Resolution Test 1a 150mW ClassIIIb laser Scan

A project log for DAV5 V2.1 Spectrometer

The ZEN of simplicity Making the Complex...Seem Simple

David H Haffner SrDavid H Haffner Sr 01/07/2018 at 12:330 Comments

Final resolution tests for this series of alignment testing. 

1st plot is the raw data file from RSpec scan 1a;

2nd plot is the Guassian intensity distribution in order to show our FWHM data;

Next plot is the final product cleaned up in my processing software Spectragryph 1.2.7;

As you might notice in the plot above, I included the un-calibrated spectrum so you can have a visual representation of "bandwidth," my spectrometer at the moment, has a spectral bandwidth of 27.2nm, typical bandwidths for lab grade equipment usually ranges from <20nm, with a resolution factor of not >1nm.

So, lets check out some math here and see if perhaps if its possible to achieve this with a cmos camera?

*note, I know I can do this with the 8-bit CCD using the TCD1304 chip, but right now it is in major re-design ( internal optical setup) yes, I am acquiescing to an Ocean Optics design for dispersion instead, only because "Flat-cat's" setup seemed to work better.

As you can see in the equations above, these are "theoretical" #'s, I already know my angle of incidence for my diffraction grating which is close to 27 deg and a focal distance of 100mm.

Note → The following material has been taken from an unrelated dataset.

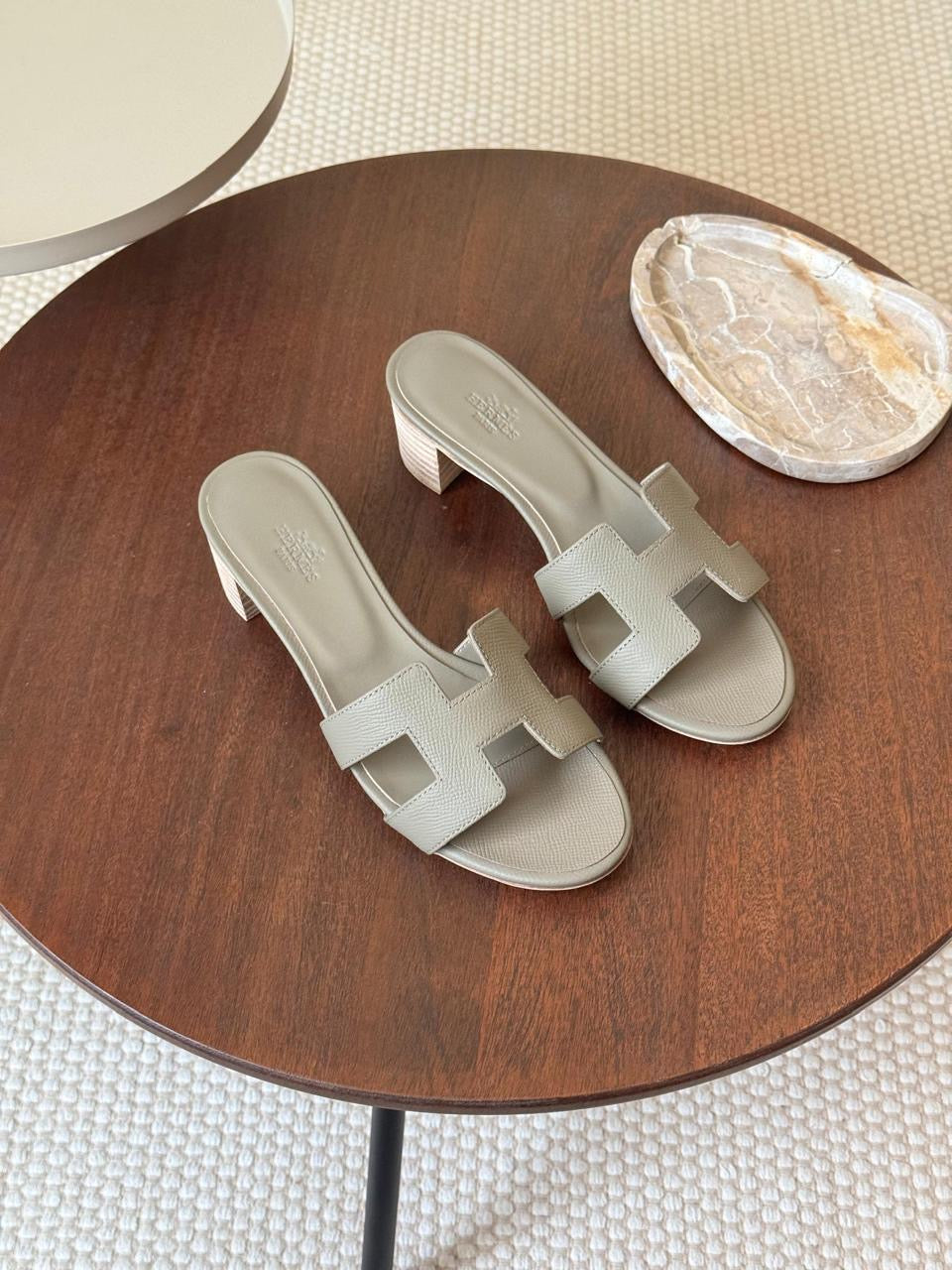 Hermes sandals heels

Lets plug these #'s in and see what we get using my set up;

d = 1mm/1540gr X 10(6) = 649.35nm/gr

W = 100micrometers  X 10(-3) = 0.10mm

F = 100mm

Rd = 649.35/100mm

Rd = 6.493

BP = 0.10 X 6.493

BP = 0.649 nm

Not the best in the world but certainly not the worst either, armed with this knowledge you can effectively choose the exact slit width to suit your needs.